» **Task item**
What lines of the data hold the string "white"? Copy them all.

-- Records supplied follows --

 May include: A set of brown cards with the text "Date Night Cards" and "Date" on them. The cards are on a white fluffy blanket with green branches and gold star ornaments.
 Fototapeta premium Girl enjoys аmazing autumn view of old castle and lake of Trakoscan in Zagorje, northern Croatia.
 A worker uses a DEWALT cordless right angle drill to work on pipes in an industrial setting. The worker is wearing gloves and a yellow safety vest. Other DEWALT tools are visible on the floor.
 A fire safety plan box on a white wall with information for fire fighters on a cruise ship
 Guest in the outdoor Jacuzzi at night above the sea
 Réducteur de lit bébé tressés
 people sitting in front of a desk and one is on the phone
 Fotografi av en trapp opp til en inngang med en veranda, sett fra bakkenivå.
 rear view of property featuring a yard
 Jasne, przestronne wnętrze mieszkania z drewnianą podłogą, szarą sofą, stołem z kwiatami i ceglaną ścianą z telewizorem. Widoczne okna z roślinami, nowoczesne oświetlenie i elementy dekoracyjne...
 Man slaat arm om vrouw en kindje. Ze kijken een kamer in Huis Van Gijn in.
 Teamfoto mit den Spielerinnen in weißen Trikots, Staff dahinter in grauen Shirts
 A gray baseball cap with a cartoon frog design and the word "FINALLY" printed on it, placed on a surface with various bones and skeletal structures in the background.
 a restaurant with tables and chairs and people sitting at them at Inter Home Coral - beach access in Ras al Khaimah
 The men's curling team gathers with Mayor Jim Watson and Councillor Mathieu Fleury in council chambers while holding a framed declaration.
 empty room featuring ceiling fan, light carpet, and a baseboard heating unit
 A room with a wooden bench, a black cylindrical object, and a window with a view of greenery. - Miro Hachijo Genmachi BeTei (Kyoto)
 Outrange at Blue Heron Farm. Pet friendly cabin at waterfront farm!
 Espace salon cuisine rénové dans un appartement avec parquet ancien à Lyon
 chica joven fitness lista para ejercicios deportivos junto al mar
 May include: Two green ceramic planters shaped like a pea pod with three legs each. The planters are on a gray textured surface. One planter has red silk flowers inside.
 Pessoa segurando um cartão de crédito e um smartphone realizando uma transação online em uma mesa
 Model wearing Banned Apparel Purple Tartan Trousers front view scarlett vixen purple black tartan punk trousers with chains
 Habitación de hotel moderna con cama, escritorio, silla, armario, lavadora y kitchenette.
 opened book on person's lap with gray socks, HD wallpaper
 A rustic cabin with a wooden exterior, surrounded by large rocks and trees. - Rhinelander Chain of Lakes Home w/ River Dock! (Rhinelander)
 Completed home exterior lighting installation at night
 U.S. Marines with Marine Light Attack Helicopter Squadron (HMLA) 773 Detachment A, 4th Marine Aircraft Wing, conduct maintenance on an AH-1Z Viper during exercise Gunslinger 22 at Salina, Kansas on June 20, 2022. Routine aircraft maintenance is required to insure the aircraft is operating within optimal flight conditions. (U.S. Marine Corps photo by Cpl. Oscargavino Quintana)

-- Records supplied concluded --

» **Task output**
 May include: A set of brown cards with the text "Date Night Cards" and "Date" on them. The cards are on a white fluffy blanket with green branches and gold star ornaments.
 A fire safety plan box on a white wall with information for fire fighters on a cruise ship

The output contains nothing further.